Doch die brennendste Frage, die Ihr Euch sicher alle stellt und die die auch wir uns im Vorfeld gestellt haben: Wie sieht es denn mit der Küche der Auberge de l’Ill aus? Wurde das Restaurant zurecht herabgestuft? Oder ist der Verlust des dritten Sternes ein weiteres Zeichen für das Abkommen vom einst guten Weg des Guide Michelin?

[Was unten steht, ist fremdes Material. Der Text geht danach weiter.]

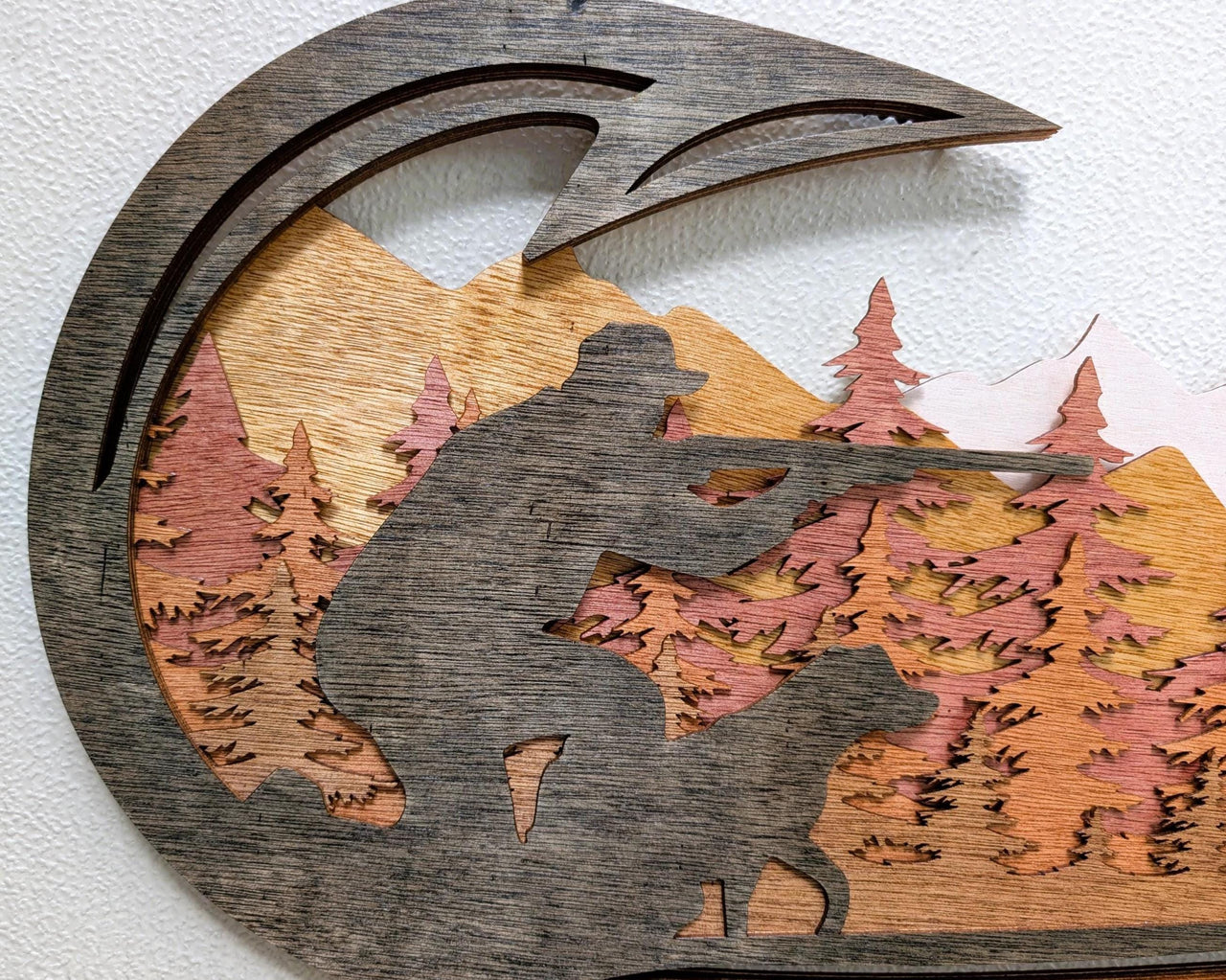 Deer Hunting Scene Wall Art with Fishing Hook Frame: Multi Layered Stained Wood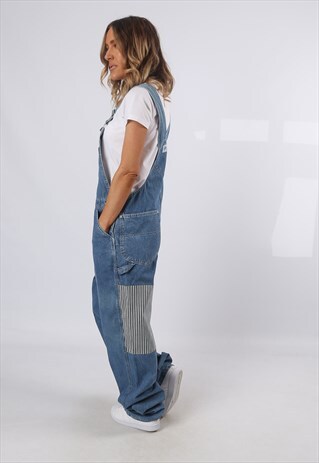 DENIM DUNGAREES STRIPED WIDE TAPERED TALL LENGTH UK 14 (62I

Sie ist in der Tat schwierig zu beantworten. Hält man sich an die Aussagen des roten Guides, was drei Sterne bedeuten, nämlich „eine einzigartige Küche – eine Reise wert!“, ist der Verlust nur bedingt nachvollziehbar. Man versteht sein Handwerk, bringt es tadellos zum Einsatz, setzt dabei auf exzellente Produkte, und auch ein eigenständiger Charakter ist zumindest einem großen Teil der Gerichte nicht abzusprechen. Sowohl der alten als auch der neuen. Gräbt man etwas tiefer, lässt die Historie des Hauses so gut es geht außer Acht und beschränkt sich darauf, die Teller so objektiv wie irgend möglich zu analysieren, liegt die Wahrheit irgendwo zwischen zwei und drei Macarons. In unserem Fall fragen wir uns allerdings: Wollen wir denn nur stur das Essen analysieren und uns nicht auch ein wenig vom Charme, der Historie und vom Wein bezirzen lassen? Wir wollen das. Auf jeden Fall. Und dann gibt es keine zwei Meinungen mehr. Sieht man die Auberge de l’Ill als Gesamtkunstwerk, ist sie uneingeschränkt eine Reise wert.
Fazit
Die Auberge de l’Ill ist absolut zu Recht eine Institution. Das Erlebnis «Fine Dining» kann man in diesem ikonischen Haus feiern, wie nur an wenigen anderen Orten – eine uneingeschränkte Pflichtstation für alle (Fr-)Esser.